А потолок даже тут непростой. С несколькими видами освещения: от яркого белоснежного света, который дает узкая широкая лампа, растянутая посередине, до приглушенного алого от неоновой подсветки, что растянулась по периметру. А также классика, средненькое освещение, я бы сказала: ходовое. Но удивляет еще кое-что. Леша берет пульт управления — и ставни на окне закрываются. Жестом приглашает войти и запирает дверь, от чего ощущается легкий вакуум и все звуки исчезают. Это знакомо. Это означает, что здесь звукоизоляция. А еще на стенах словно звездная россыпь. При дневном освещении они невычурные и с легким едва заметным тиснением. А когда гаснет свет… Тут просыпается сказка. Вокруг различные созвездия, которые светятся мягко.

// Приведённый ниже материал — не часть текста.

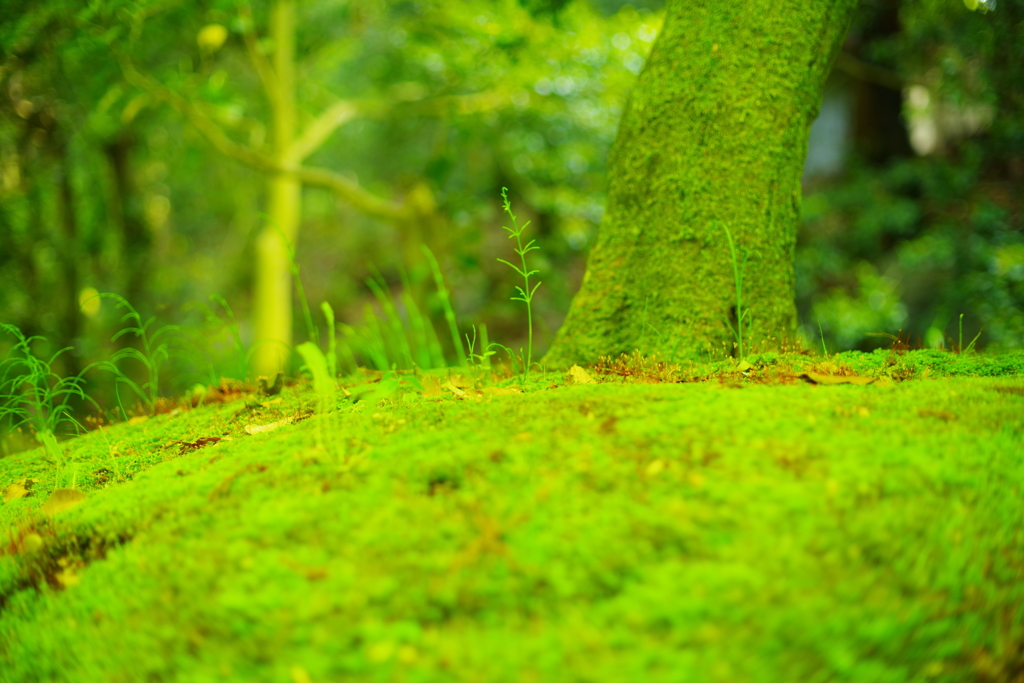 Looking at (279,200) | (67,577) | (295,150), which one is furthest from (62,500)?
(279,200)

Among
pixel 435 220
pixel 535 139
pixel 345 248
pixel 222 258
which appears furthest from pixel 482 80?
pixel 222 258

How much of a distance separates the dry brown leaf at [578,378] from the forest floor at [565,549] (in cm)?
34

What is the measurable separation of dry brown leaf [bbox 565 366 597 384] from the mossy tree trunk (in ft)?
1.22

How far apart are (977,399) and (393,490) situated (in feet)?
5.22

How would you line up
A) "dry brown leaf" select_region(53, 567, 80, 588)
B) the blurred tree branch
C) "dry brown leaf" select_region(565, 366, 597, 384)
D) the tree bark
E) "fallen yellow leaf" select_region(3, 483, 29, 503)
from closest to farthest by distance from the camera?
"dry brown leaf" select_region(53, 567, 80, 588) → "fallen yellow leaf" select_region(3, 483, 29, 503) → "dry brown leaf" select_region(565, 366, 597, 384) → the blurred tree branch → the tree bark

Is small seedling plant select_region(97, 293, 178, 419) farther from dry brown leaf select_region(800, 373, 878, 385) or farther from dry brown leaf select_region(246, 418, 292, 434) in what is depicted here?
dry brown leaf select_region(800, 373, 878, 385)

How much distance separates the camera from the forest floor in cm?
90

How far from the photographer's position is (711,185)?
242 cm

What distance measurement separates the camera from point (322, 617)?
39.1 inches

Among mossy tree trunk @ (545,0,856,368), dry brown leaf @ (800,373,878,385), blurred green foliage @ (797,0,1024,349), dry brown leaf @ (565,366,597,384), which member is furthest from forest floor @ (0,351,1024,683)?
blurred green foliage @ (797,0,1024,349)

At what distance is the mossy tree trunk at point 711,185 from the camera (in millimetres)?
2402

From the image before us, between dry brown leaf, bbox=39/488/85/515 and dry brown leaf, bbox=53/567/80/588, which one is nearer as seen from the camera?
dry brown leaf, bbox=53/567/80/588

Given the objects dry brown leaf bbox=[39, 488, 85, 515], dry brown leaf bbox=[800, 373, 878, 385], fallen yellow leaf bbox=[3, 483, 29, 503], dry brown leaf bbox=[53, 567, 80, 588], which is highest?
dry brown leaf bbox=[800, 373, 878, 385]

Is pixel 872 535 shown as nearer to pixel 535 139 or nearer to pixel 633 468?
pixel 633 468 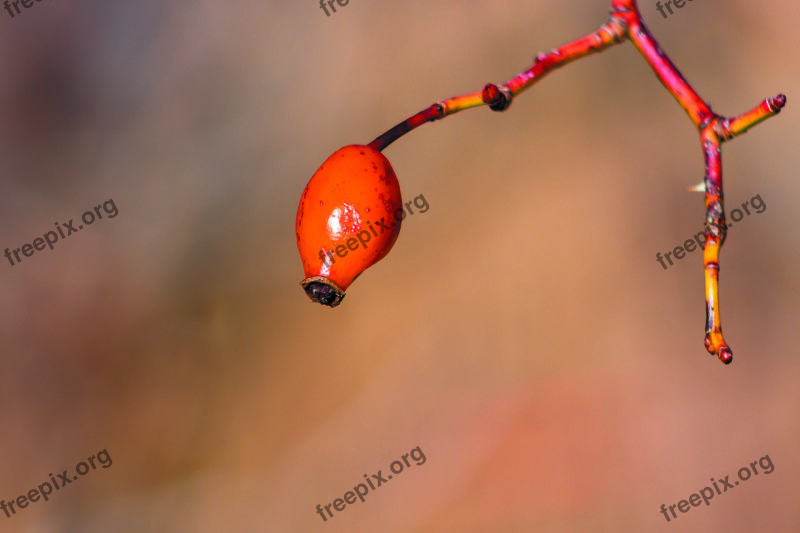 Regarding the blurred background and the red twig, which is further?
the blurred background

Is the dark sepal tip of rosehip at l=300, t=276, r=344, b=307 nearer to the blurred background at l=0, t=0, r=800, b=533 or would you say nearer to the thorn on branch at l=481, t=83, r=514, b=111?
the thorn on branch at l=481, t=83, r=514, b=111

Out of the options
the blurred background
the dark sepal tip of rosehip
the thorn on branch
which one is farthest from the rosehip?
the blurred background

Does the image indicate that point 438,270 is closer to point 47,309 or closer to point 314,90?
point 314,90

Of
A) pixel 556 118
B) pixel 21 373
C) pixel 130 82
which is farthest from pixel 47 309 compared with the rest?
pixel 556 118

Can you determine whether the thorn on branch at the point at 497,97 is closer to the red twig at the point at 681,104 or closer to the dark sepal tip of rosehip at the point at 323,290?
the red twig at the point at 681,104

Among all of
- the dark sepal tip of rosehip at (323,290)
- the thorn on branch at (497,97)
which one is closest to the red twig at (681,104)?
the thorn on branch at (497,97)

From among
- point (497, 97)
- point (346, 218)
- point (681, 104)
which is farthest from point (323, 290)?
point (681, 104) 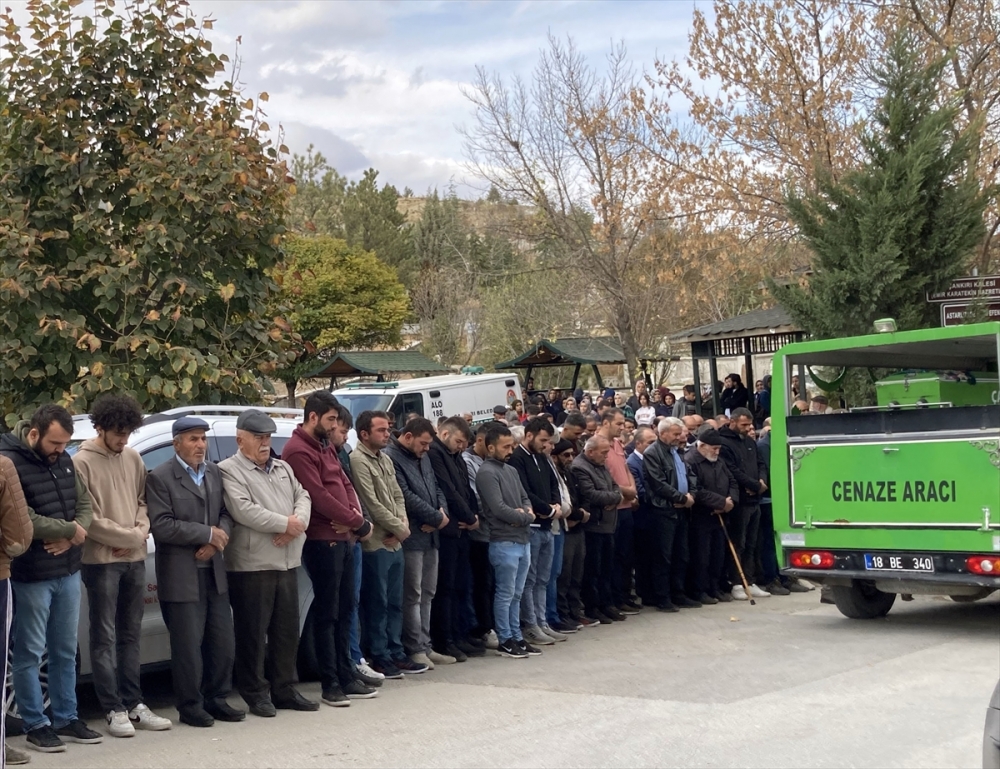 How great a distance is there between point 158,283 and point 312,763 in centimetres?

Очень мягко и совсем не давят. Но как только Алексеев включает еще один вид освящения — нежно-голубой, который идет по внутренней части потолка, на втором из навесных ярусов, который отлично гармонирует со звездными стенами, чуток приглушая их сияние, — я позорно сбегаю. Чувствуя дикое сердцебиение и сокрушающую боль. Так как вряд ли именно для меня здесь все делалось. Очень вряд ли.